Spurensuche

Unlängst war ich in Südtirol auf Urlaub.

Mir fiel auf, daß in dieser Gegend zwei Sprachen vorherrschen: Das Deutsche und das Italienische. (Später lernte ich, daß es hier auch die sogenannte Latinische Sprache gibt. In zig Variationen.)
Wie so oft in letzter Zeit wollte ich mehr dazu wissen!
Über ein Buch, das ich, neugierig geworden, direkt am 2. Tag unseres Urlaubs kaufte,  lernte ich die Geschichte Südtirols kennen. Und daß dies fürwahr keine einfache Geschichte war! Seit 1919 ist Südtirol italienisch. Vorher gehörte ganz Tirol dem Hause Habsburg an.
Es gab viele Auseinandersetzungen, auch gewalttätige in diesem Landstrich und erst seit einigen Jahren, nachdem Südtirol eine gewisse Autonomie gewährt wurde, ist Ruhe eingekehrt.
Dennoch gibt es offenkundig noch unterschwellig Konflikte. Das Zusammenleben ist nicht reibungsfrei. Einige Anekdoten, die ich dazu hörte, belegten das.

Auf der Rückreise von Südtirol nach Deutschland machte ich dann für zwei Tage Station im Ostallgäu.
Ich hatte den Gasthof per Internet gebucht, weil ich nicht vor Ort nach einer Bleibe suchen wollte.
Nach meiner Ankunft versuchte ich mir einen ersten Eindruck zu verschaffen, wo ich eigentlich war!
Ungläubiges Erstaunen überfiel mich, als ich per Handy feststellte, daß unweit meines Standorts ein Lager gewesen war. Innerhalb von 4 Monaten starb damals die Hälfte der Belegung.
Ich war erschüttert.
Am nächsten Morgen suchte ich die Gedenkstätte auf, die, schwer zu finden, an einem Waldrand lag. Das Ungeheure – es war nur zu erahnen.

Wenige km davon weg ein weiterer Hinweis auf eine zurückliegende Zeit: Eine Kleinstadt,  vollkommen neu errichtet ab den Endvierzigern. Im Heimatmuseum eine Unfülle historisches Material. Ein Rückblick auf gloriose Zeiten mit einer langen, prosperierenden Handwerkstradition und Bilder, die aufzeigen, was es heißt,  als ehemalig Wohlhabende an anderer Stelle vollkommen bei Null anfangen zu müssen.
Spürbar war es, was das alles für diese leidende Generation bedeutet hat, durch was sie durch musste! Aber auch deren Kinder sind stark geprägt, wie ich anhand von Geschichten der Frauen an der Kasse hörte. Auch die dritte Generation wird sicher nicht unberührt davon sein.

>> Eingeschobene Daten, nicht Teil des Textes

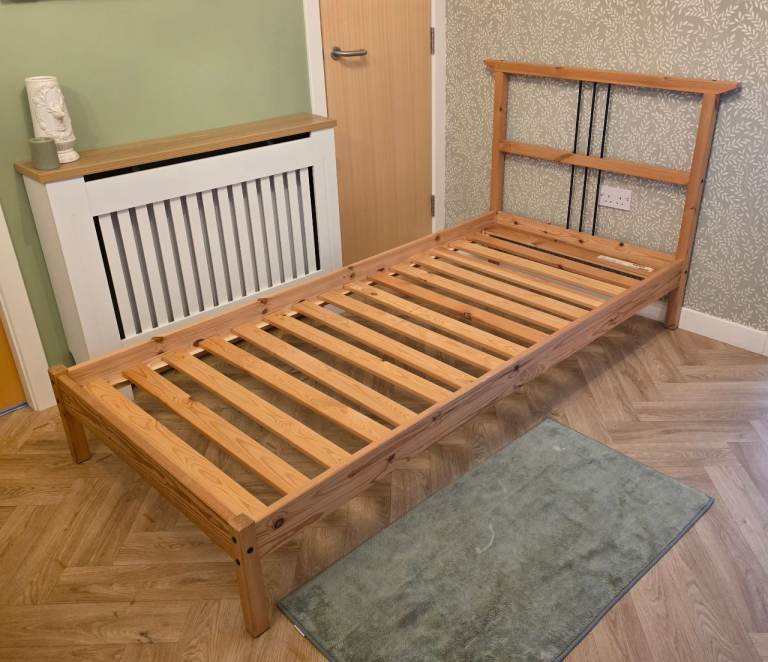 Ikea Dalselv Single Bed Frame with Mattress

Es hatte ein schöner Wanderurlaub sein sollen, aber es wurde dann zu etwas vollkommen anderes.

12 thoughts on “Spurensuche

  1. In der Mediathek der ARD lief neulich eine Doku über Südtirol, was mich zum nachlesen in der Geschichte bewogen hat. Ein Landstrich mir wechselvoller Geschichte, ja.

    1. Ich denke, ich sollte die Geschichte des Landstrichs noch ein weiteres Mal mal lesen. Nach meiner Rückkehr aus Südtirol beschäftigte ich mich auch etwas mit Böhmen.
      Bisher ist das Gelesen fragmentarisch, aber ich denke, es wird sich mit weiterem Material verdichten.

  2. Auch solche Urlaubserfahrungen sind wertvoll, du lernst etwas über Land und Leute, über die Geschichte. Schön, dass du dich dafür interessierst.

  3. ad Ulli Tirol ist von Touristen überlaufen und vom Transitverkehr erstickt. Für unendlich viele Schipisten wird abgeholzt dadurch kommt es immer öfter zu Steinschlägen und Schlammmuren. Es ist kein Wunder, dass die Leute genug haben ….

  4. Sehr bewegend, deine Urlaubserfahrungen, doch du hast das richtig gemacht, dich den Zeichen der Zeit gewidmet und dabei auch ganz neue Dinge erfahren. Das gefällt mir!

  5. Ich erinnere mich noch an einen Besuch in Tirol als ich mit meiner Mutter und Verwandten unterwegs gewesen bin, damals war ich ca. 8 Jahre alt und zum ersten Mal fühlte ich mich nicht Willkommen. So habe ich Tirol als ungastfreundlich abgespeichert, sicherlich wäre es gut das noch einmal in der Jetztzeit zu überprüfen. Du schreibst aber selbst, dass es noch immer kein reibungsloses Miteinander gibt?